As I was leaning against my kitchen counter this morning, taking a sip of my half-caff coffee (I didn’t have enough decaf and didn’t want the grinder to wake the baby), I took a look at the alphabet magnets on the fridge and had a realization that hit me like a, well, a refrigerator.
My God, I’m an adult.
Granted, this realization involved a fact of which I am plainly aware; I had just forgotten it for a few moments. This happens quite a bit, actually. Usually it’s when I’m running around the apartment after a shower, trying to find my pants, that I walk in and realize there is a baby taking a nap in the living room. A baby…who was created as a result of being married to my husband.
When the hell did that happen? (Okay, obviously, I know when that happened. If you’re not trying to be a jerk, you’ll get my drift.) Wasn’t it, like, yesterday that I was staring longingly at the yuppy/hippie (I call them yippies) men in the student union, positive that I was going to die alone and unhappy? Or with someone and terribly bored? Or as a direct result of eating the campus Taco Bell?
Let me stop where I am before I really piss off some people: I do not believe that being married and having a kid are the main criteria used to determine someone’s status as an adult. That just happens to be how my adulthood has taken form. I know that there are plenty of single people without kids out there who are more adult than I am.
Anyway, when I have these “epiphanies of the obvious,” something that always pops up in my head are little chunks of wisdom I wish I could give to a younger Lauren. Don’t get me wrong; I’m happy with where I am now, but had I known a few of these things, I may not have been so stressed out.
I would love to go back in time and say:
On high-school crap:
Hey. You’re not Molly Ringwald. Your high school stuff does not have enough importance to warrant a full-length movie. Only a very small percentage of your high school problems are actually going to matter in the future, and that percentage probably doesn’t have much to do with high school.
On not drinking alcohol:
Keep it up. A few years from now, you’re going to be very proud of yourself for never having to lie on your stomach in a pool of cornfield-water while hiding from the cops.
On the ever-stressful issue of college theatre:
Hmm. Guess what? You’re attending college in a very small university town. The fact that you didn’t get cast does not mean that you are the world’s worst actor. Now, in a few years, you may notice your ego inflating. Let’s also remember that, for the same reason, getting cast in a bunch of shows does not mean you are the world’s best actor, either. Nobody likes an obnoxiously pompous Theatre major.
On the inevitable occurrences of emotional angst:
Yeah, I know you’d rather grab some Mint Chocolate Chip and watch the Princess Bride, but you should really start on that paper. No, seriously, Past Lauren, you should start on it now.

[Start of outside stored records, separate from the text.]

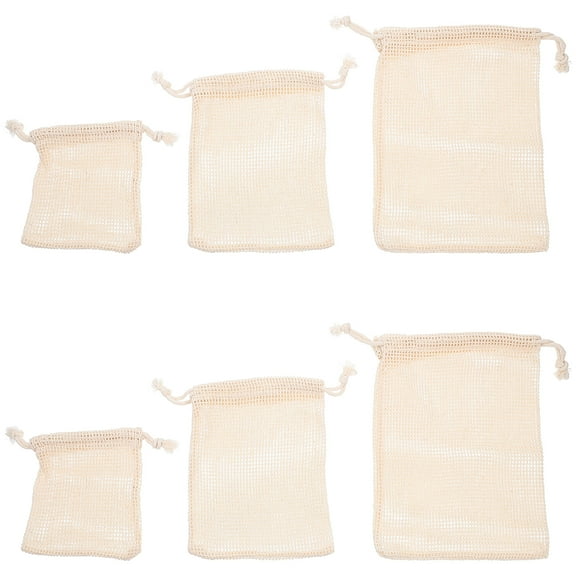 Voiceine 6pcs Cotton Drawstring Bags Fruit Bags Cotton Mesh Bags Vegetable Bags for Home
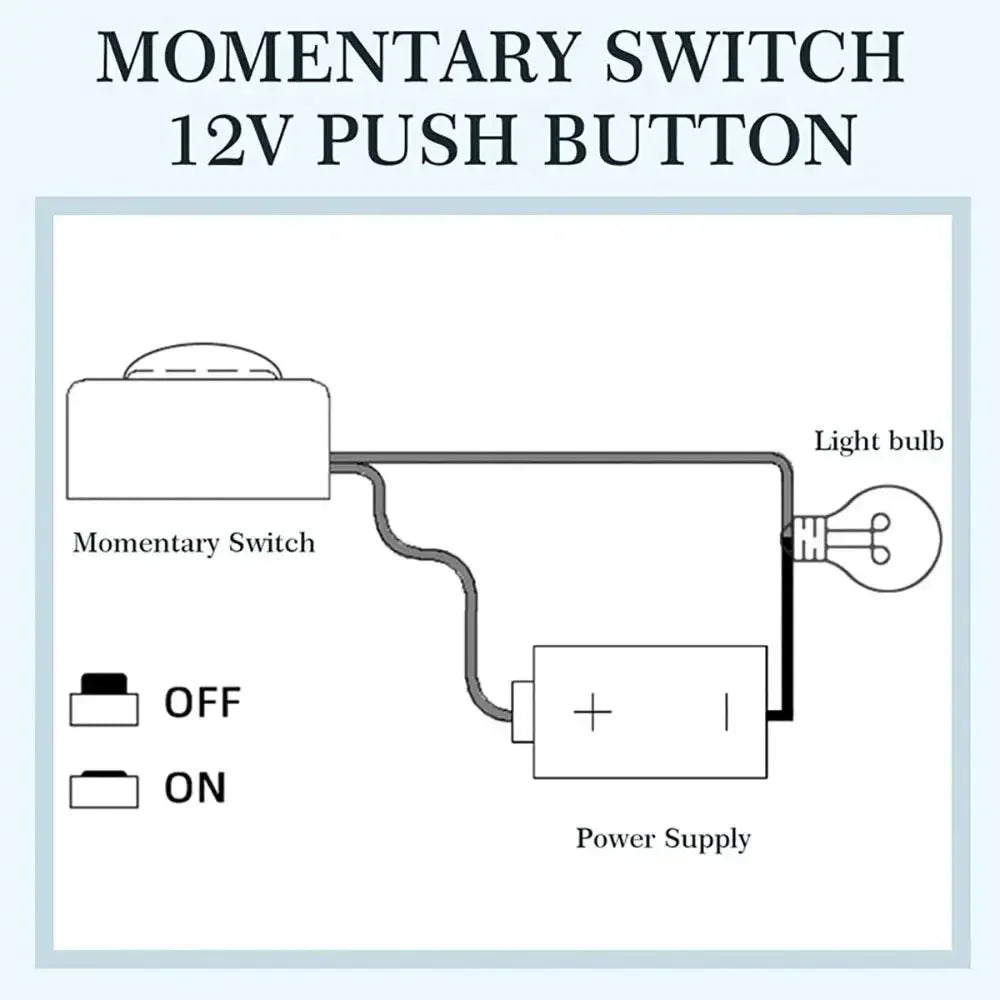 Momentary Push Button Switch ON/OFF 12V/24V Surface Mount Mini Round Black Button for Horn, Doorbell, Temporary Control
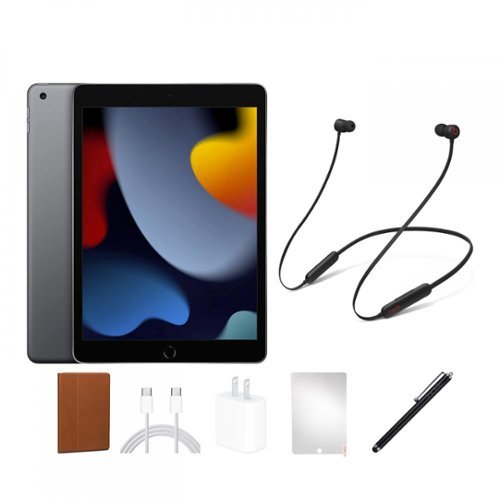Apple - Refurbished Excellent - Bundle - 10.2-inch iPad 9th Generation (2021) Wi-Fi Only 64GB + Beats Flex + Case + Screen Protector + Stylus Pen - Space Gray-Front_Standard 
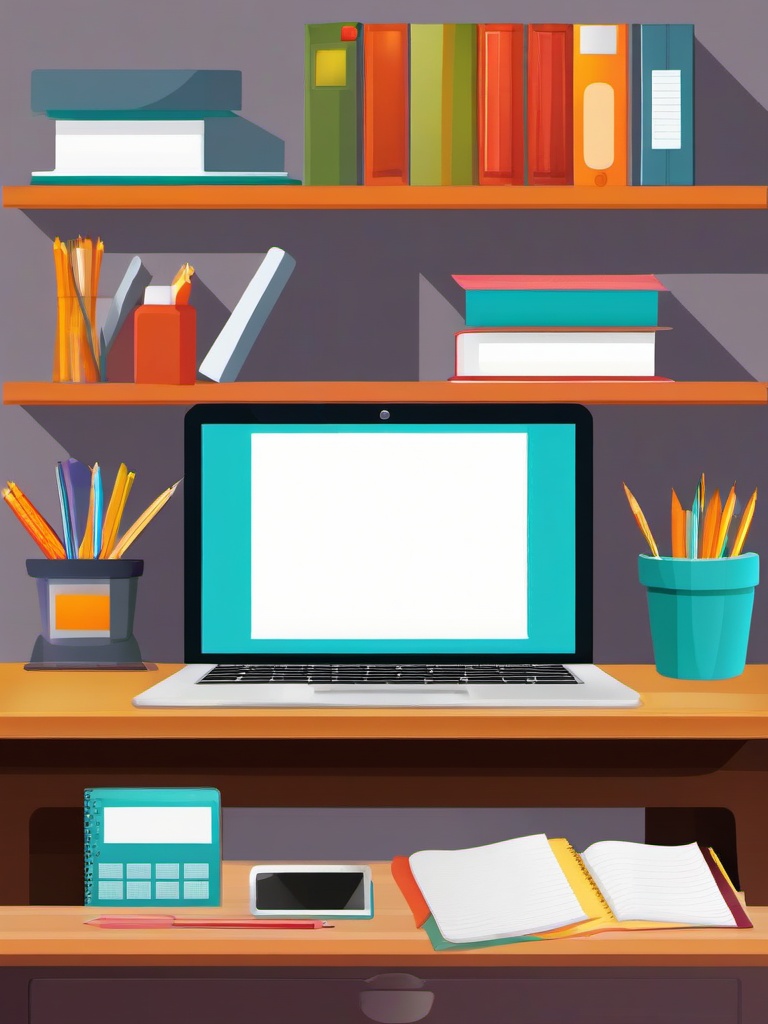 Computer clipart - laptop on a desk with stationery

As I said, this whole “realization” thing is something that happens quite a bit, so I’m always thinking of new things to tell my younger, less emotionally mature self. Not that I’m the world’s most emotionally mature woman, but I’d say I’ve definitely obtained some wisdom. Either way, I’m sure there will be more Advice for my Younger Self in the future.
Speaking of realizations…I’m off to work on the budget.